Computes the derivative of the likelihood. As previously, the values are added to the object target which is a 1-dimensional np.array of length self.input_dim. For example, if the kernel is parameterized by \sigma^2,\ \theta, then \frac{dL}{d\sigma^2} = \frac{dL}{d K} \frac{dK}{d\sigma^2} is added to the first element of target and \frac{dL}{d\theta} = \frac{dL}{d K} \frac{dK}{d\theta} to the second.

def dK_dtheta(self,dL_dK,X,X2,target):
    if X2 is None: X2 = X
    dist2 = np.square((X-X2.T)/self.lengthscale)

    dvar = (1 + dist2/2.)**(-self.power)
    dl = self.power * self.variance * dist2 * self.lengthscale**(-3) * (1 + dist2/2./self.power)**(-self.power-1)
    dp = - self.variance * np.log(1 + dist2/2.) * (1 + dist2/2.)**(-self.power)

    target[0] += np.sum(dvar*dL_dK)
    target[1] += np.sum(dl*dL_dK)
    target[2] += np.sum(dp*dL_dK)

dKdiag_dtheta(self,dL_dKdiag,X,target)

This function is required for BGPLVM, sparse models and uncertain inputs.

As previously, target is an self.num_params array and \frac{dL}{d Kdiag} \frac{dKdiag}{dparam} is added to each element.

def dKdiag_dtheta(self,dL_dKdiag,X,target):
    target[0] += np.sum(dL_dKdiag)
    # here self.lengthscale and self.power have no influence on Kdiag so target[1:] are unchanged

dK_dX(self,dL_dK,X,X2,target)

This function is required for GPLVM, BGPLVM, sparse models and uncertain inputs.

Computes the derivative of the likelihood with respect to the inputs X (a n \times d np.array). The result is added to target which is a n \times d np.array.

def dK_dX(self,dL_dK,X,X2,target):
    """derivative of the covariance matrix with respect to X."""
    if X2 is None: X2 = X
    dist2 = np.square((X-X2.T)/self.lengthscale)

    dX = -self.variance*self.power * (X-X2.T)/self.lengthscale**2 *  (1 + dist2/2./self.lengthscale)**(-self.power-1)
    target += np.sum(dL_dK*dX,1)[:,np.newaxis]

dKdiag_dX(self,dL_dKdiag,X,target)

This function is required for BGPLVM, sparse models and uncertain inputs. As for dKdiag_dtheta, \frac{dL}{d Kdiag} \frac{dKdiag}{dX} is added to each element of target.

def dKdiag_dX(self,dL_dKdiag,X,target):
    pass

Psi statistics

The psi statistics and their derivatives are required for BGPLVM and GPS with uncertain inputs.

The expressions of the psi statistics are:

TODO

For the rational quadratic we have:

TODO

Update the constructor

Once the required functions have been implemented as a kernpart object, the file GPy/kern/constructors.py has to be updated to allow to build a kernel based on the kernpart object.

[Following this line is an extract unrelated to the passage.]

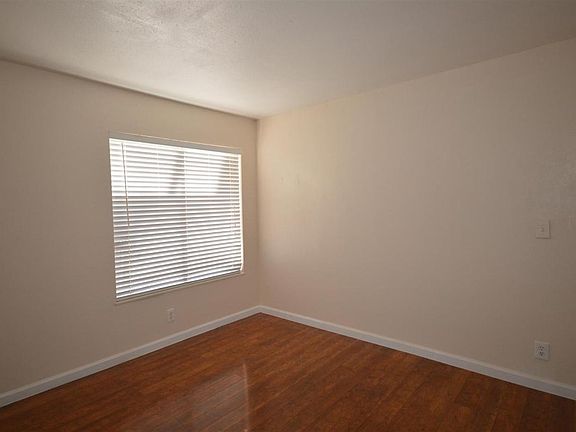3rd image of 6823 Garden Grove Ave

The following line should be added in the preamble of the file:

from rational_quadratic import rational_quadratic as rational_quadratic_part

as well as the following block

def rational_quadratic(input_dim,variance=1., lengthscale=1., power=1.):
    part = rational_quadraticpart(input_dim,variance, lengthscale, power)
    return kern(input_dim, [part])

Update initialization

The last step is to update the list of kernels imported from constructor in GPy/kern/__init__.py.